IR: Add distinct MDNodes as a first-class concept

Duncan P. N. Exon Smith dexonsmith at apple.com
Thu Jan 8 08:31:45 PST 2015


> On 2015 Jan 8, at 06:28, Rafael EspĂ­ndola <rafael.espindola at gmail.com> wrote:
> 
>> Introduce a `distinct` designator which explicitly requests this
>> behaviour, without the need for a self-reference.  These nodes are
>> still stored in the `LLVMContext`, but are not uniqued based on
>> their operands (well, not uniqued at all).
>> 
>>  - This concept *already exists*.  Before the metadata/value split,
>>    it was used whenever operands went to null (to prevent teardown
>>    madness, but it happened more frequently).  It's still in use
>>    for self-referencing `MDNode`s, as well as when
>>    `MDNode::replaceOperandWith()` causes a uniquing collision (see
>>    module flags behaviour before r225397 for an example).
> 
> Side question: this is because of missing rauw on resolved nodes, right?

It existed before whenever an operand went to null.  It exists now
because of `replaceOperandWith()` *and* so that metadata schemas that
use self-references don't need to call `resolveCycles()`.

There are two reasons I think this should be first class.

 1. Self-references are an awkward, gross way to prevent uniquing.  This
    is better.

 2. Uniquing collisions shouldn't cause unreproducible IR.

> Could we just disallow replaceOperandWith on resolved nodes and add a
> "MDNode *getNodeWithReplacedOperand(unsigned I, Metadata *New)" that
> returns a node just like 'this' but with operand I replaced with New?

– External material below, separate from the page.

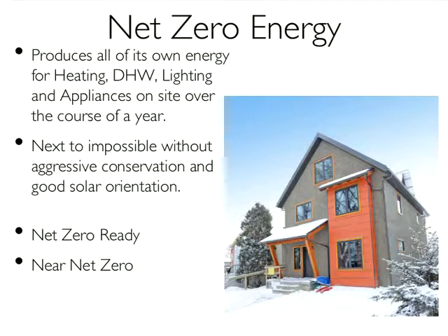Just to be clear about what net zero energy is: a net zero energy house produces all of its own energy for heating, domestic hot water, lighting, and appliances on site over the course of the year. We don't care so much when we get it, as long as it adds up to zero at the end of the year, so that the energy produced is equal to or greater than the energy consumed.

This is a good idea -- I'd like to do this -- but it doesn't eliminate
uniquing collisions.

Uniquing collisions also happen when an operand that does support RAUW
gets replaced.  For example:

    !0 = !{i32* @g1}
    !1 = !{i32* @g2}

After `@g1->replaceAllUsesWith(@g2)`:

    !0 = distinct !{i32* @g2} ; Collision with !1
    !1 = !{i32* @g2}

(This is a bit of a "grass is greener" situation where we really want
RAUW, if only we could afford it.  However, I expect uniquing
collisions are more rare than operands going to null, which is what
dropped uniqueness before the metadata/value split.  For example:

    !0 = !{..., i32* @g, ...}

After `delete @g`:

    !0 = distinct !{..., null, ...} ; Operand went to null

I think in practice we're in better shape than we used to be.)